Del resto, l’unanimità iniziale sull’intervento armato si dissipò gradualmente con il ritorno in scena dei talebani e con il deterioramento della situazione della sicurezza: Russia e Cina, entrambi membri del Consiglio di Sicurezza, e numerosi altri stati del sud del mondo iniziarono a mettere in discussione le azioni degli Stati Uniti e dei loro alleati sul campo. In effetti, la ONU, essendo coinvolta in una controinsurrezione reattiva, stava perdendo la sua credibilità come agente di pace indipendente e imparziale.
Del resto, il Consiglio di Sicurezza aveva creato l’ISAF per sostenere il neo-costituito governo afghano, ma le modalità di creazione del governo provvisorio non possono essere considerate neutre, poiché prendevano in considerazione solo gli attori che l’ONU aveva approvato. Di fatto, se da una parte alla Conferenza di Bonn i signori della guerra erano stati legittimati come interlocutori scelti dall’Onu, dall’altra parte era chiaro che l’esclusione dei talebani dalla costruzione del nuovo governo avrebbe portato a ulteriori conflitti.

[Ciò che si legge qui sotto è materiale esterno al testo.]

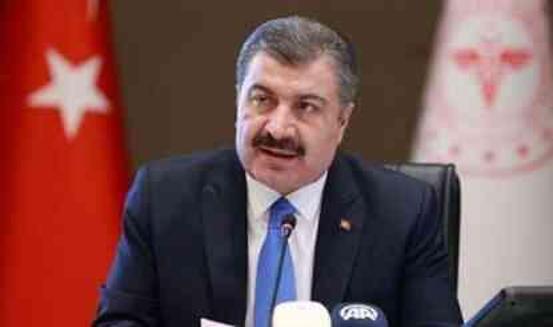 Fahrettin Koca duyurdu! Bakın hastane randevularına gitmeyenlere ne olacak...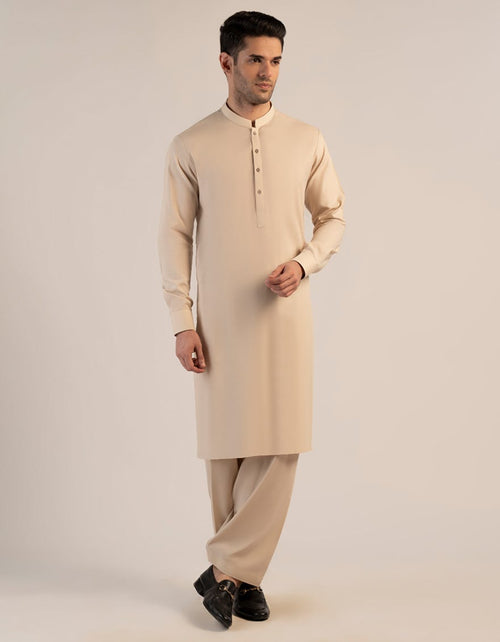 J. Men's Unstitched Fabric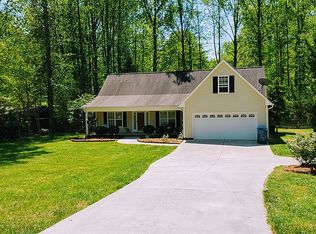 1637 Underpass Rd, Advance, NC 27006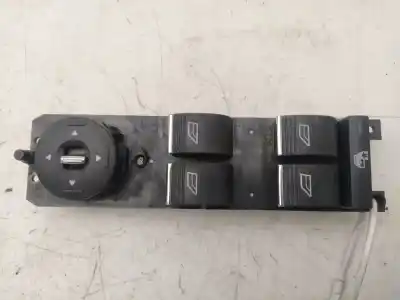 Peça sobressalente para automóvel em segunda mão botão / interruptor elevador vidro dianteiro esquerdo por ford c-max titanium referências oem iam am5t14a132db  3s010020920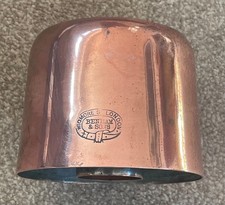 Antique 19th Century Copper
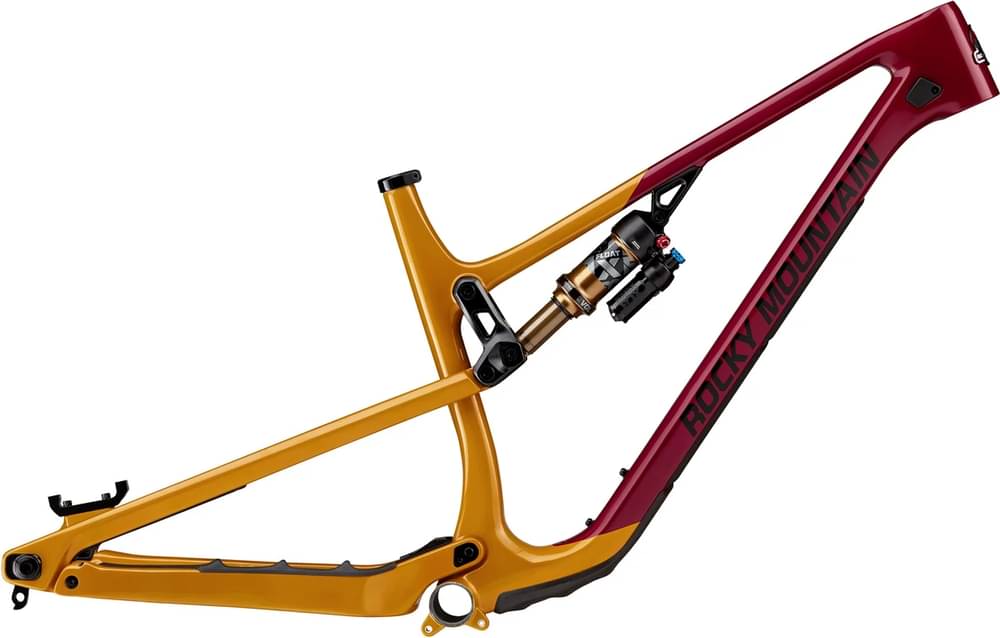 2022 Rocky Mountain Instinct Carbon 
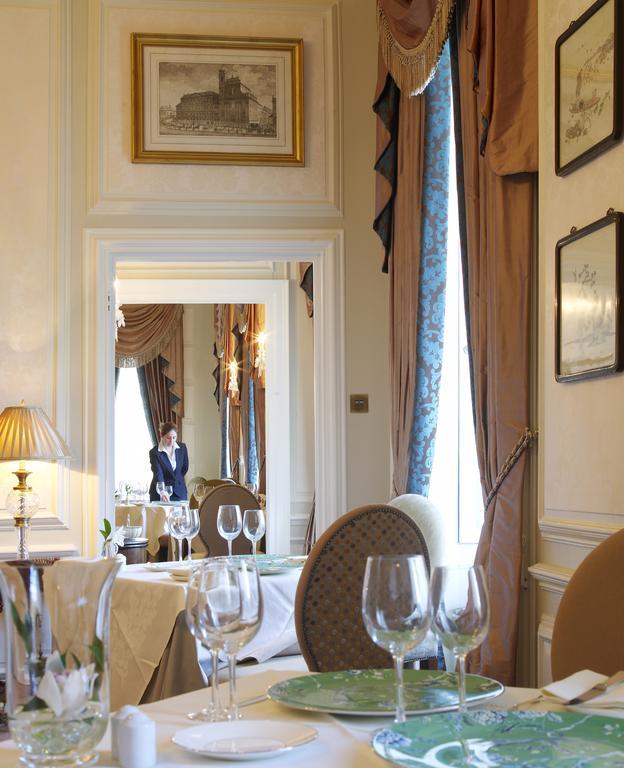 Ston Easton Park Guest House Radstock Eksteriør bilde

Di fatto, si creò una distorsione nel processo di ricostruzione, poiché molti afghani consideravano i signori della guerra come criminali di guerra e i talebani come forza di liberazione del Paese dall’invasione straniera.
Pertanto, se è vero che il Consiglio di Sicurezza dell’ONU non prese inizialmente una posizione del tutto esplicita riguardo all’intervento militare statunitense in Afghanistan, è altrettanto vero che non lo condannò, ed è certo che escludendo i talebani dalla costruzione del nuovo governo afghano e impiegando una forza di sicurezza per imporre la pace nel Paese, l’ONU ha commesso errori fatali, che hanno messo in dubbio l’imparzialità e la capacità di pacificazione dell’organizzazione.